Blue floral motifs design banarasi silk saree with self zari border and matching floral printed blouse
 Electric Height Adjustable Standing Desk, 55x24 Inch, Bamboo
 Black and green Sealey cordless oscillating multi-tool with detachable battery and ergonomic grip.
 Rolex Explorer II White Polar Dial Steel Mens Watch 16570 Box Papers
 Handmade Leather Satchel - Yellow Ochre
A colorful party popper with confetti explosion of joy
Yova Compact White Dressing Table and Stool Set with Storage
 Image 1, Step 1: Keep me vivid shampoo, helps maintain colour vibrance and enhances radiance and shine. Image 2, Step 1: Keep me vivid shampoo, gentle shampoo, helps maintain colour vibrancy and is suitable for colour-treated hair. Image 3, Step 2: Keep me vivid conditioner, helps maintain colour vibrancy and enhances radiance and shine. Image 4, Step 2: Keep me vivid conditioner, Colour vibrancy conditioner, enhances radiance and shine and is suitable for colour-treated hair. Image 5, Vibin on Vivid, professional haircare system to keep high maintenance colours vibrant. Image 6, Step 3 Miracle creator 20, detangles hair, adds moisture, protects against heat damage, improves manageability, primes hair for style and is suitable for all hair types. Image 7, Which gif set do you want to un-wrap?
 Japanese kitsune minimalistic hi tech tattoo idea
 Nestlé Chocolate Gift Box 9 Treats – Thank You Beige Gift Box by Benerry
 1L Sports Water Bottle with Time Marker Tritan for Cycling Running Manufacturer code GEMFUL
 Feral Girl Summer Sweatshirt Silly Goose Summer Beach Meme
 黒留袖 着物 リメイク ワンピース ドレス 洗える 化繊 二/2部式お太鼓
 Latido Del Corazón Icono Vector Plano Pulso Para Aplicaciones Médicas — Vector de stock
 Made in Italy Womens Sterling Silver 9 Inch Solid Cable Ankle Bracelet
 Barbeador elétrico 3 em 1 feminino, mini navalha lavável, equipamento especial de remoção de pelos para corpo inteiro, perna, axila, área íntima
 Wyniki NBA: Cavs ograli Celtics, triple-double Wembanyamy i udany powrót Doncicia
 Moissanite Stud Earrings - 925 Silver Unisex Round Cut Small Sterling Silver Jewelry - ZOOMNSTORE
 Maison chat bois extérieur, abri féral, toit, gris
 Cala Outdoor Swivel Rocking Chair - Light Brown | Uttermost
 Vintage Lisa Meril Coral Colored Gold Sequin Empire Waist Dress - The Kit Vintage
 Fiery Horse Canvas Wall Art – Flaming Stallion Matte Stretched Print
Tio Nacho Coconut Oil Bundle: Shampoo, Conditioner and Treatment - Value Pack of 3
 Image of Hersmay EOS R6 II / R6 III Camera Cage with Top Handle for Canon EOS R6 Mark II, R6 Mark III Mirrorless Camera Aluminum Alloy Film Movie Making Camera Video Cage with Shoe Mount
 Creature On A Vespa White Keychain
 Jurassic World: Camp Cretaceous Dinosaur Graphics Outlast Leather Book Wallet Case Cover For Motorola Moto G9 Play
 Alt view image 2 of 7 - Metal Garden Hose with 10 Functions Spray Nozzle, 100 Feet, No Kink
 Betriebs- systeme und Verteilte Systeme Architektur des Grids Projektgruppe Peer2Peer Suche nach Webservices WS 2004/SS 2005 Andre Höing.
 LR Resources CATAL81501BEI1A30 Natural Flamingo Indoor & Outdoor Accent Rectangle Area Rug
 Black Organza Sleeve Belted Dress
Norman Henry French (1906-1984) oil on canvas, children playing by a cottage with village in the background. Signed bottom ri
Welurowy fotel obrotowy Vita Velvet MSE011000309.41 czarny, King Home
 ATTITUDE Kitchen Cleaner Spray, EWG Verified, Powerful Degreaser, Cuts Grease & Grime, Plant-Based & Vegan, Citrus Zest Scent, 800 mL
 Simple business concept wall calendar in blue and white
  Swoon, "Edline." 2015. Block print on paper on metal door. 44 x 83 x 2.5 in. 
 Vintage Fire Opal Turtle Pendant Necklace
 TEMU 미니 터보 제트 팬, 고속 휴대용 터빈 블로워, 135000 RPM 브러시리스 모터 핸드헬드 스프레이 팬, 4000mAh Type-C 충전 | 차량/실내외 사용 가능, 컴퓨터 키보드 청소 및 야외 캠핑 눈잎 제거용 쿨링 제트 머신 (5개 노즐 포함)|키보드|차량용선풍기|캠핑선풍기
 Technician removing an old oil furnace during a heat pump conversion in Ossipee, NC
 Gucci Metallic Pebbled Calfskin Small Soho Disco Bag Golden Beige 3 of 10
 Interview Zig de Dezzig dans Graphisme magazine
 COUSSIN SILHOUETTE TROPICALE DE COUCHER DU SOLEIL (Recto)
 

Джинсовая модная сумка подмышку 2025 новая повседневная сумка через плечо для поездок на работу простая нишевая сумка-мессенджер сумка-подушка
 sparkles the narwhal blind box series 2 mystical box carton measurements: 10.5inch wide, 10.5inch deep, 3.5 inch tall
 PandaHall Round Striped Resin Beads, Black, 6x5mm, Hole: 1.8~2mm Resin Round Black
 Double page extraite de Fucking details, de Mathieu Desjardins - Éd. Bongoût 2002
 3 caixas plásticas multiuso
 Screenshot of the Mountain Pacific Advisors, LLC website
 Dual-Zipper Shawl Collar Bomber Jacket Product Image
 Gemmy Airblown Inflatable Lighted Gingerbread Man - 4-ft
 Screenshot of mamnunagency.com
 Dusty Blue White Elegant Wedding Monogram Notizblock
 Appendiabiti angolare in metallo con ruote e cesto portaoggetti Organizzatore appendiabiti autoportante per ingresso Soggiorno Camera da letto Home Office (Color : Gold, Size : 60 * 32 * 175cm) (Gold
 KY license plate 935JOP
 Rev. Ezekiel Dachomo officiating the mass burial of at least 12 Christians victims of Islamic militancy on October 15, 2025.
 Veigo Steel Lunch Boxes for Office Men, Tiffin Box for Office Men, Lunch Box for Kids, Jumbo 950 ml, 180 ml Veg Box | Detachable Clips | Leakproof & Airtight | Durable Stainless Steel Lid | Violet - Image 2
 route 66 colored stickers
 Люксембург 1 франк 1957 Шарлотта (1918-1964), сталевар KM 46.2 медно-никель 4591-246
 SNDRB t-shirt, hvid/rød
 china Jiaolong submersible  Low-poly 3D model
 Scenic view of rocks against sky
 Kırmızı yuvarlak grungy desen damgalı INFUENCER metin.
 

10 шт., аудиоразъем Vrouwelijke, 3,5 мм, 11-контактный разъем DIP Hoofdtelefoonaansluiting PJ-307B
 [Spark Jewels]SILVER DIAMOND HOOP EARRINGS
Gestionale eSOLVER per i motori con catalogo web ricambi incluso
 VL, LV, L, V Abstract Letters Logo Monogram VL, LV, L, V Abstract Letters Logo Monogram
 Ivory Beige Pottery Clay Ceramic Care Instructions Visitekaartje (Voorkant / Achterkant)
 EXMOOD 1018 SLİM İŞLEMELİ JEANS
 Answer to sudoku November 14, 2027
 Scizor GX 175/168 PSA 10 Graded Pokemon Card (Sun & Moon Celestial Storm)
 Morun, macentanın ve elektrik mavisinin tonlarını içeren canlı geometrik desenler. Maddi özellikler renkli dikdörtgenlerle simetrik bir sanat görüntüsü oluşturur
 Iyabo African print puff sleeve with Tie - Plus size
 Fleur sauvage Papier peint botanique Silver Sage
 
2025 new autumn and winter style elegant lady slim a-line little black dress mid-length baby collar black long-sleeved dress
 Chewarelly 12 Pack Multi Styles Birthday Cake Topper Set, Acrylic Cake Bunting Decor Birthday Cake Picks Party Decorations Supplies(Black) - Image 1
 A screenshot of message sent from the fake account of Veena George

★ ★ ★ ★ ★ ★ ★

What is needed >> Leave out every line above except those from the line with "Wyniki NBA: Cavs" up to and including the line with "Cala Outdoor Swivel", and copy those exactly.

Finished task >>
 Wyniki NBA: Cavs ograli Celtics, triple-double Wembanyamy i udany powrót Doncicia
 Moissanite Stud Earrings - 925 Silver Unisex Round Cut Small Sterling Silver Jewelry - ZOOMNSTORE
 Maison chat bois extérieur, abri féral, toit, gris
 Cala Outdoor Swivel Rocking Chair - Light Brown | Uttermost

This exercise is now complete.